Member of the Legislative Assembly
- In office 1989–1994
- Succeeded by: Julakanti Ranga Reddy
- Constituency: Miryalaguda

Personal details
- Born: 1948 (age 77–78) Miryalaguda, Nalgonda district, Telangana, India
- Party: Bharat Rashtra Samithi
- Other political affiliations: Indian National Congress
- Children: Tippana Keerthi Nandan Reddy
- Parent: Tippana China Krishna Reddy (father);

= Tippana Vijaya Simha Reddy =

Tippana Vijaya Simha Reddy is an Indian politician from Telangana. He was elected as a Member of the Legislative Assembly (MLA) from the Miryalaguda constituency in 1989. On 30 November 2022, he was appointed as the Chairman of the Telangana State Agro Industries Development Corporation.

Tippana Vijaya Simha Reddy meeting MLC Kalvakuntla Kavitha after being appointed as Chairman of Telangana State Agro Industries Development Corporation

== Early life and education ==
Tippana Vijaya Simha Reddy was born in 1948 in Miryalaguda, Nalgonda district, Telangana.
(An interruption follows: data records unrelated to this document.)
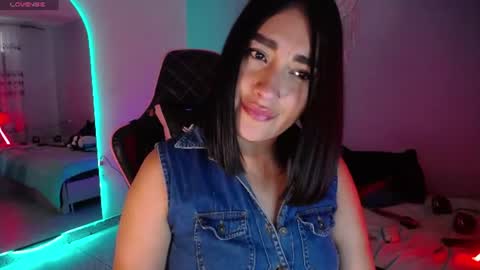 Snapshot of _santalove_ chatting on June 24, 8:19 pm SantaLove online show from June 24, 8:19 pm
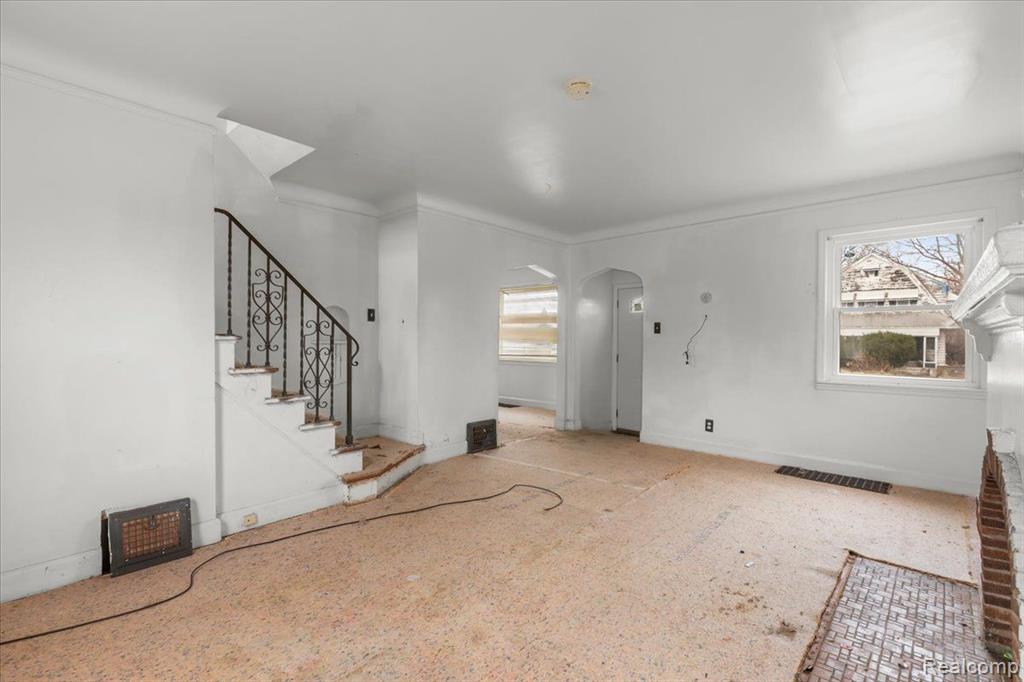 9393 MEYERS Road, Detroit, MI 48228 — Photo 8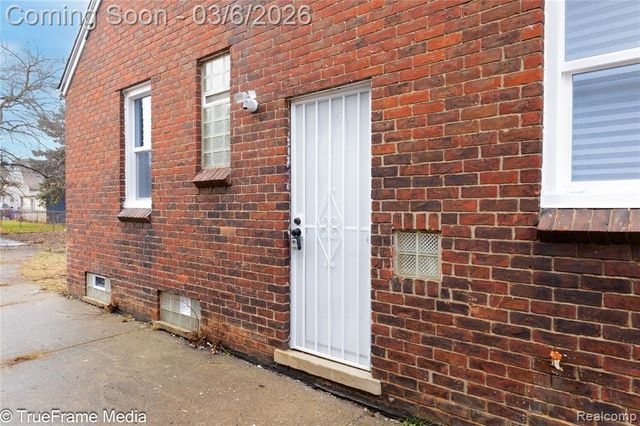 17673 Teppert Street, Detroit, MI 48234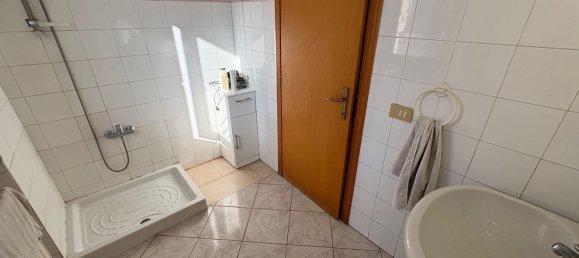 3 rooms Apartment in Arezzo, Italy No. 289543 13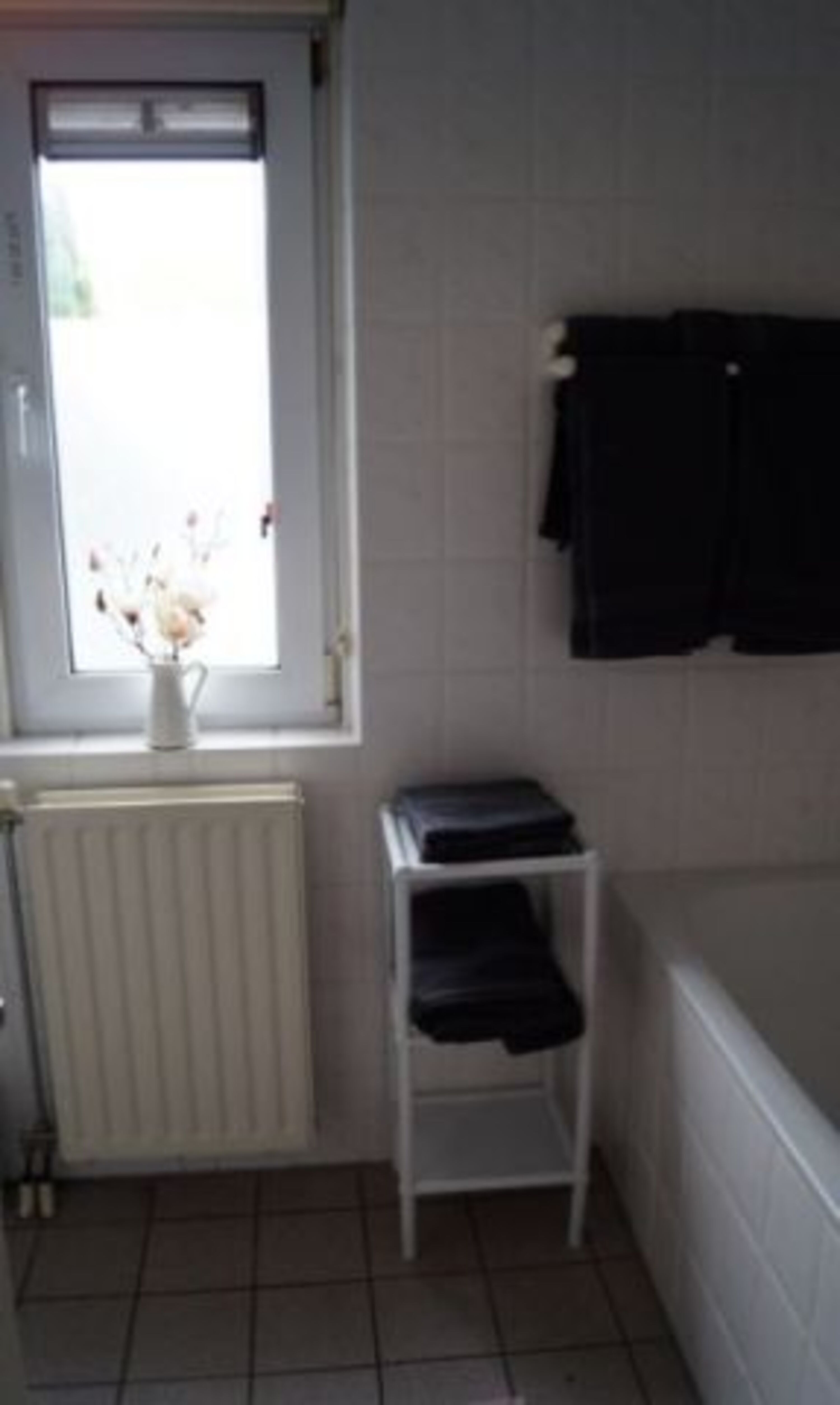 Badezimmer mit Wanne, ebenerdiger Dusche 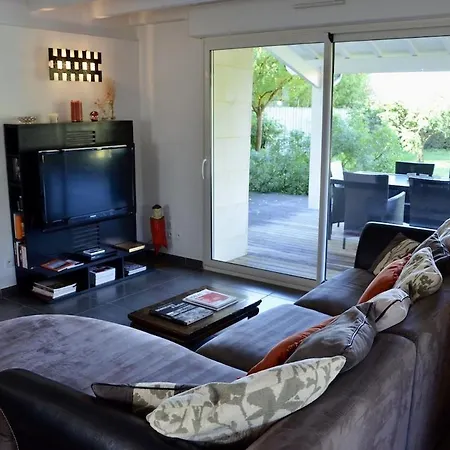 Holiday home Le Domaine De La Ronce - & Cezac (Gironde)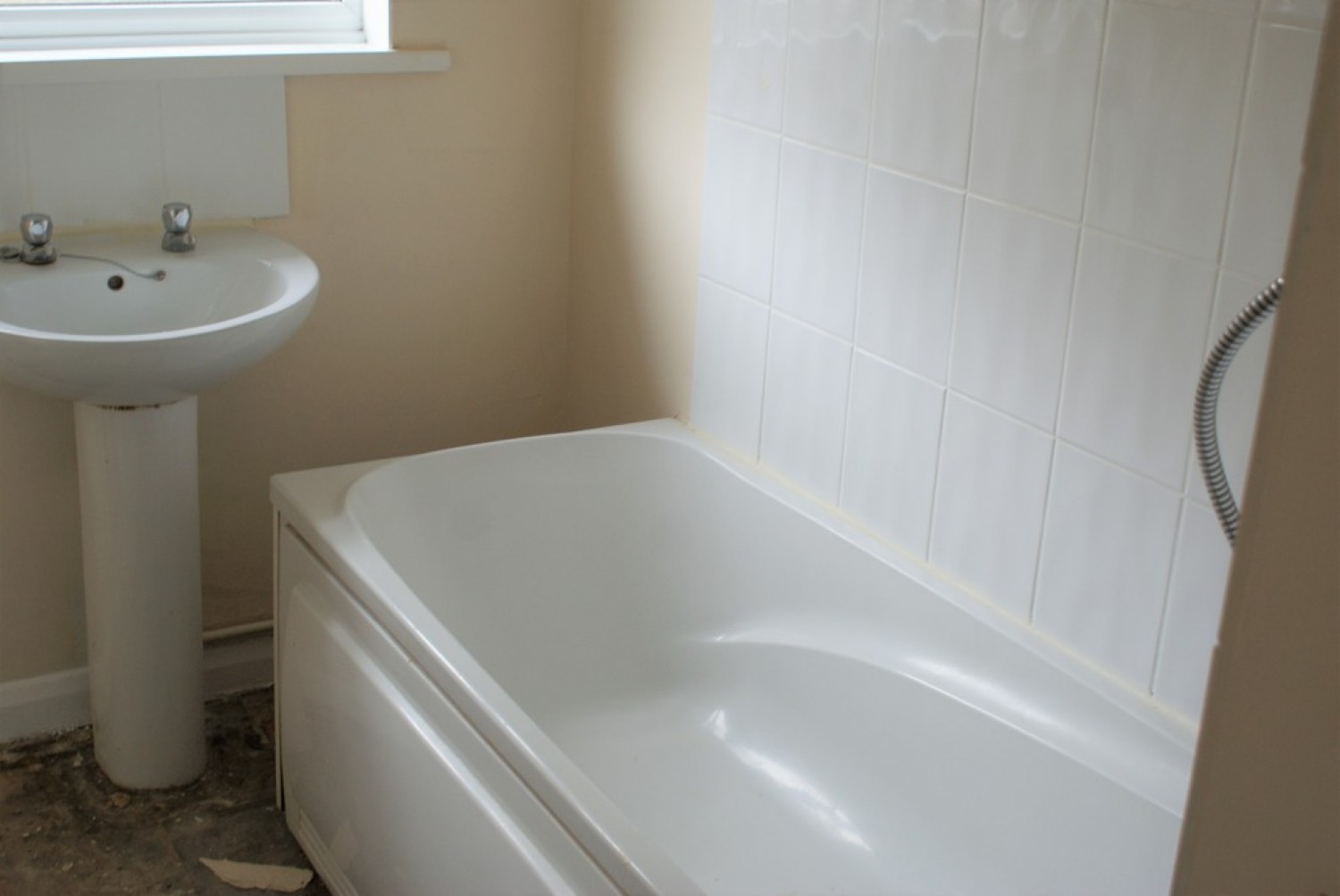 1 bedroom Flat for Sale Belmore Road, Eastbourne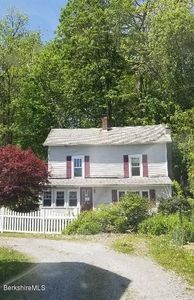 43 Hart St, Housatonic, MA, 01236
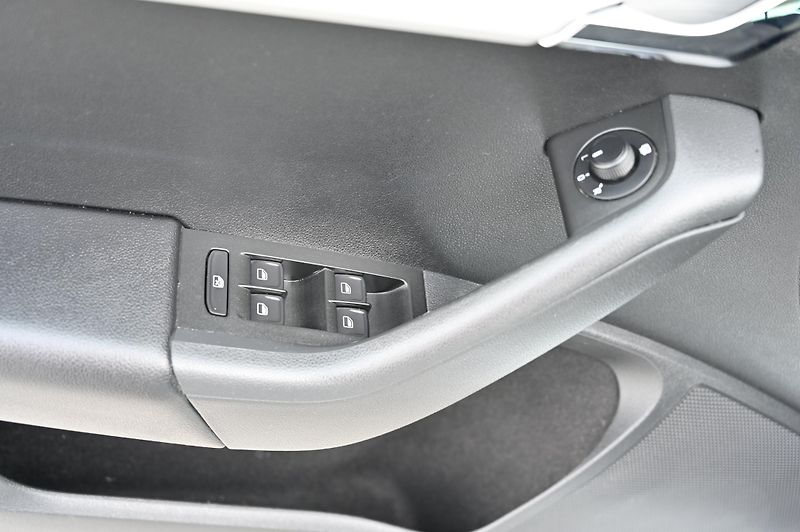 Škoda Octavia 1.6TDI 77KW Edition 4/2015 - fotka 22 z 39
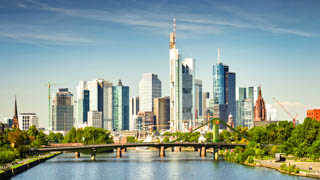Skyline von Frankfurt am Main, mit der Deutschherrnbrücke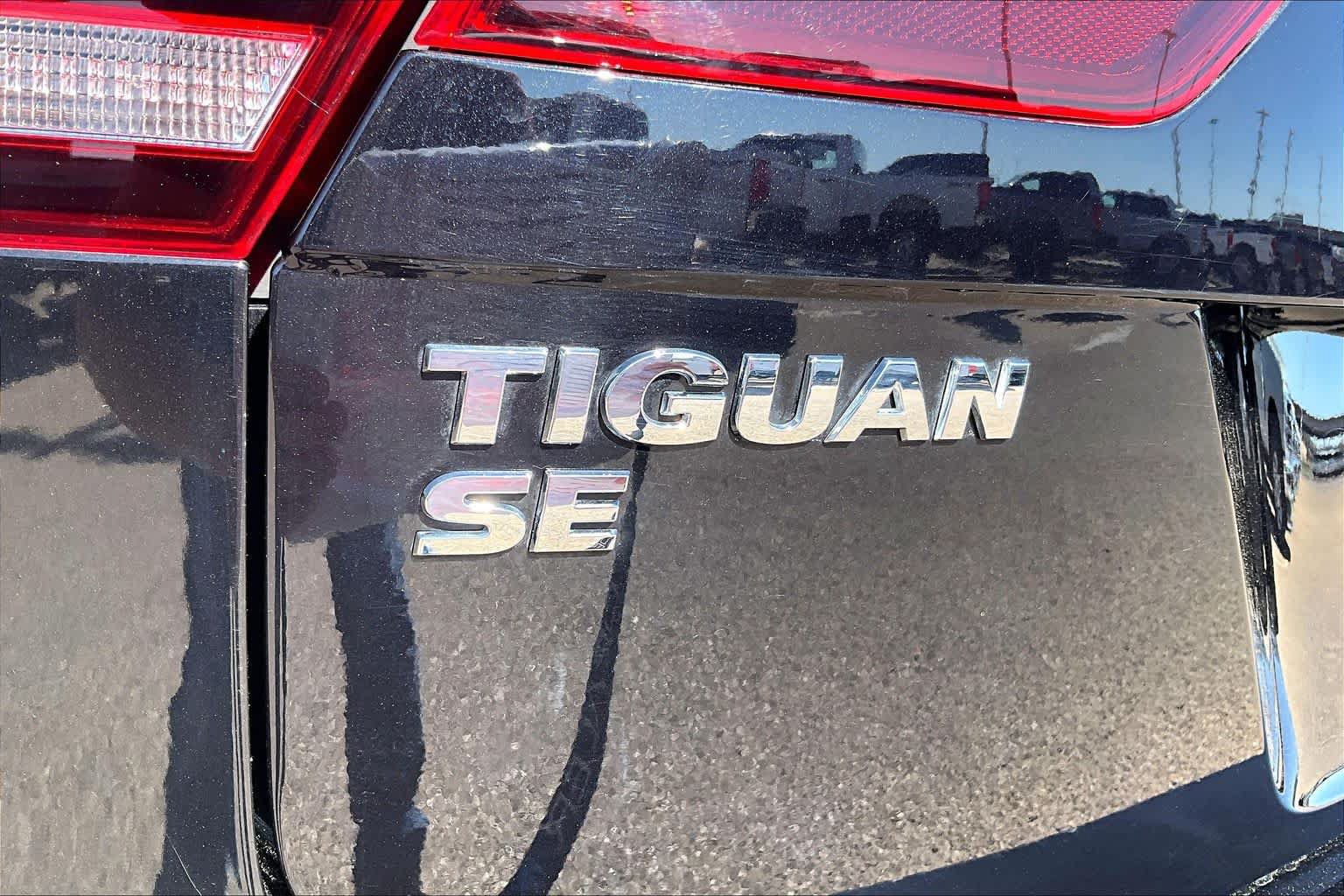 Used 2020 Volkswagen Tiguan SE R-Line AWD/4WD image 33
His father, Tippana China Krishna Reddy, was a former MLA of Miryalaguda. Vijaya Simha Reddy completed his Intermediate education in Nalgonda and graduated with a BSc degree from Hyderabad City College in 1972.

== Political career ==
Tippana Vijaya Simha Reddy entered politics through the Congress Party and served in various positions within the party. In the 1989 Andhra Pradesh Legislative Assembly election, he contested as a Congress candidate and was elected to the Assembly for the first time, defeating CPM candidate A. Lakshminarayana Reddy by a margin of 5,453 votes. In the 1994 elections, he contested again but was defeated by CPM candidate Julakanti Ranga Reddy by a margin of 20,093 votes.

He later joined the Telangana Rashtra Samithi (TRS) party and served as its president for the undivided Nalgonda district. He contested the 2004 Assembly elections on behalf of the TRS party but was unsuccessful. From 2012 to 2015, he served as the Chairman of the Miryalaguda Market Committee. In 2019, he was elected as a ZPTC member from Miryalaguda representing TRS. On 30 November 2022, Chief Secretary Somesh Kumar issued orders on the instructions of Chief Minister K. Chandrashekar Rao appointing him as the Chairman of the Telangana State Agro Industries Development Corporation.